*** Opening of SUPPLIED RECORDS ***

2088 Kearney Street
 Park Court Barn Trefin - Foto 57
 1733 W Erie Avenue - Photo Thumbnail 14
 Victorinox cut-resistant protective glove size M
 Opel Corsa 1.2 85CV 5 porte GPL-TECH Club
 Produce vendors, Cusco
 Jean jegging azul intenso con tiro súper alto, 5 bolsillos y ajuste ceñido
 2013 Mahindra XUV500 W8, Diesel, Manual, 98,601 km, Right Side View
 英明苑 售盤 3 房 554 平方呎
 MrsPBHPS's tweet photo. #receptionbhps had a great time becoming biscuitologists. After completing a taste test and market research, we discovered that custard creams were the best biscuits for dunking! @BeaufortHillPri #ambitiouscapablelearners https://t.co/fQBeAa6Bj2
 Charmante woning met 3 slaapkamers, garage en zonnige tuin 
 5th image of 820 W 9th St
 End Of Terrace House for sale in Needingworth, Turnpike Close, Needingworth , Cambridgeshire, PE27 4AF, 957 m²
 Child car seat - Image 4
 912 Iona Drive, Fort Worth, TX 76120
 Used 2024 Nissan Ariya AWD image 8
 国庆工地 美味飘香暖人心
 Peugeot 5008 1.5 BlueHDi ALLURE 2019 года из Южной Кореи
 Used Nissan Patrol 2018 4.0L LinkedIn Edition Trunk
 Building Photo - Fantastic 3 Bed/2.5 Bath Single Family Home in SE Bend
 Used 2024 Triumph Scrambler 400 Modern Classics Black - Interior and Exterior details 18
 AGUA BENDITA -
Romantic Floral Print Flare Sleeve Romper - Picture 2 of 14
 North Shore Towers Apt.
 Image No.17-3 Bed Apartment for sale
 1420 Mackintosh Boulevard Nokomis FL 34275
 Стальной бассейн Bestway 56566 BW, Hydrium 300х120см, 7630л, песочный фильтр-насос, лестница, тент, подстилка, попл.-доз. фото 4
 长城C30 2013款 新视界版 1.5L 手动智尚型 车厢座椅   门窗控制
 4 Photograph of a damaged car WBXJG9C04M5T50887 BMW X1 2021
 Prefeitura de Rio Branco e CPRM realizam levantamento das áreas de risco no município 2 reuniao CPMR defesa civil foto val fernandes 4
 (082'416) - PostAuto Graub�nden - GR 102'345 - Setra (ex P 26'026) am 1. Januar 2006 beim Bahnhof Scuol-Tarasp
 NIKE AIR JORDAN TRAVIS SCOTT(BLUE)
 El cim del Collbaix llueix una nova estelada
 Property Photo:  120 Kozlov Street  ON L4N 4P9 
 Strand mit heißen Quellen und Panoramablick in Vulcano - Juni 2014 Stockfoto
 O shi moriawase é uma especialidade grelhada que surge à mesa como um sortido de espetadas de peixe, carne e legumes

*** Close of SUPPLIED RECORDS ***

(WHAT IS REQUIRED):
Return every line of the material exactly.

(WRITTEN ANSWER):
2088 Kearney Street
 Park Court Barn Trefin - Foto 57
 1733 W Erie Avenue - Photo Thumbnail 14
 Victorinox cut-resistant protective glove size M
 Opel Corsa 1.2 85CV 5 porte GPL-TECH Club
 Produce vendors, Cusco
 Jean jegging azul intenso con tiro súper alto, 5 bolsillos y ajuste ceñido
 2013 Mahindra XUV500 W8, Diesel, Manual, 98,601 km, Right Side View
 英明苑 售盤 3 房 554 平方呎
 MrsPBHPS's tweet photo. #receptionbhps had a great time becoming biscuitologists. After completing a taste test and market research, we discovered that custard creams were the best biscuits for dunking! @BeaufortHillPri #ambitiouscapablelearners https://t.co/fQBeAa6Bj2
 Charmante woning met 3 slaapkamers, garage en zonnige tuin 
 5th image of 820 W 9th St
 End Of Terrace House for sale in Needingworth, Turnpike Close, Needingworth , Cambridgeshire, PE27 4AF, 957 m²
 Child car seat - Image 4
 912 Iona Drive, Fort Worth, TX 76120
 Used 2024 Nissan Ariya AWD image 8
 国庆工地 美味飘香暖人心
 Peugeot 5008 1.5 BlueHDi ALLURE 2019 года из Южной Кореи
 Used Nissan Patrol 2018 4.0L LinkedIn Edition Trunk
 Building Photo - Fantastic 3 Bed/2.5 Bath Single Family Home in SE Bend
 Used 2024 Triumph Scrambler 400 Modern Classics Black - Interior and Exterior details 18
 AGUA BENDITA -
Romantic Floral Print Flare Sleeve Romper - Picture 2 of 14
 North Shore Towers Apt.
 Image No.17-3 Bed Apartment for sale
 1420 Mackintosh Boulevard Nokomis FL 34275
 Стальной бассейн Bestway 56566 BW, Hydrium 300х120см, 7630л, песочный фильтр-насос, лестница, тент, подстилка, попл.-доз. фото 4
 长城C30 2013款 新视界版 1.5L 手动智尚型 车厢座椅   门窗控制
 4 Photograph of a damaged car WBXJG9C04M5T50887 BMW X1 2021
 Prefeitura de Rio Branco e CPRM realizam levantamento das áreas de risco no município 2 reuniao CPMR defesa civil foto val fernandes 4
 (082'416) - PostAuto Graub�nden - GR 102'345 - Setra (ex P 26'026) am 1. Januar 2006 beim Bahnhof Scuol-Tarasp
 NIKE AIR JORDAN TRAVIS SCOTT(BLUE)
 El cim del Collbaix llueix una nova estelada
 Property Photo:  120 Kozlov Street  ON L4N 4P9 
 Strand mit heißen Quellen und Panoramablick in Vulcano - Juni 2014 Stockfoto
 O shi moriawase é uma especialidade grelhada que surge à mesa como um sortido de espetadas de peixe, carne e legumes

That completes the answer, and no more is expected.